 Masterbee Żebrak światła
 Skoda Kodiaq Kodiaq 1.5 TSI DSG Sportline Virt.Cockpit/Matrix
++++++++++
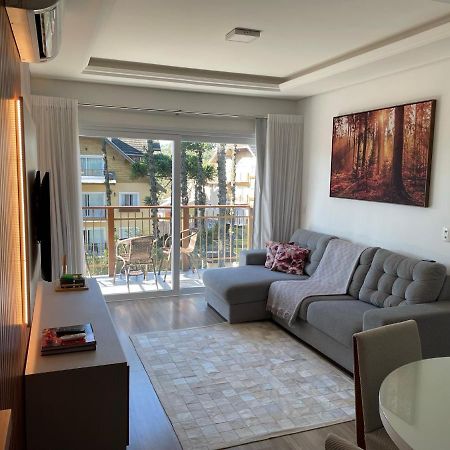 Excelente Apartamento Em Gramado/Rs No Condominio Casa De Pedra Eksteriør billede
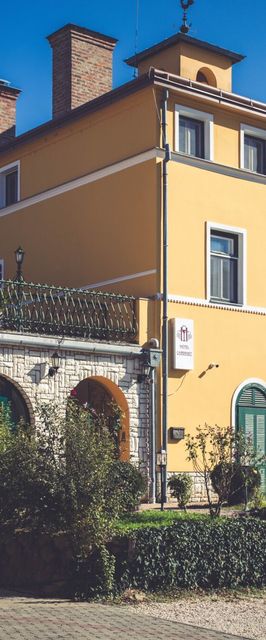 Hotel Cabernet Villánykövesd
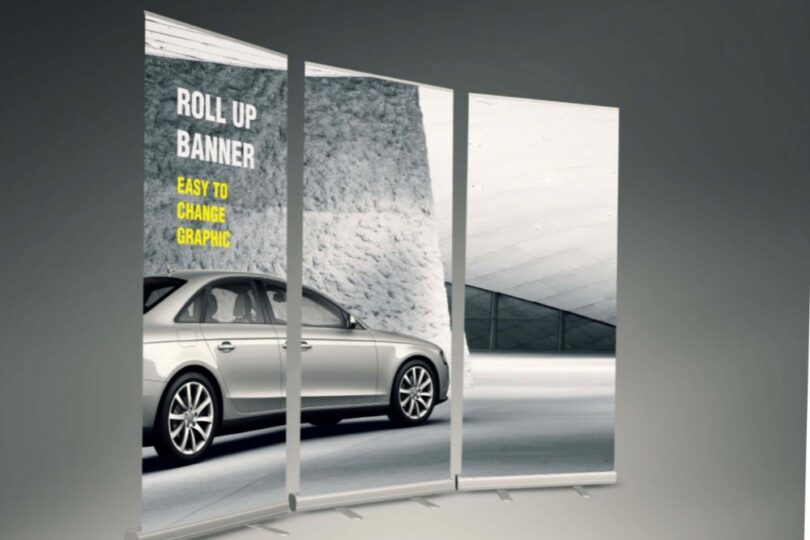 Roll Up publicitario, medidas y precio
++++++++++
→ WORK REQUEST
Reproduce word for word the material above, starting with the line that has "Masterbee Żebrak światła" and stopping after the line that has "Skoda Kodiaq Kodiaq".

→ REPLY TO THE TASK
 Masterbee Żebrak światła
 Skoda Kodiaq Kodiaq 1.5 TSI DSG Sportline Virt.Cockpit/Matrix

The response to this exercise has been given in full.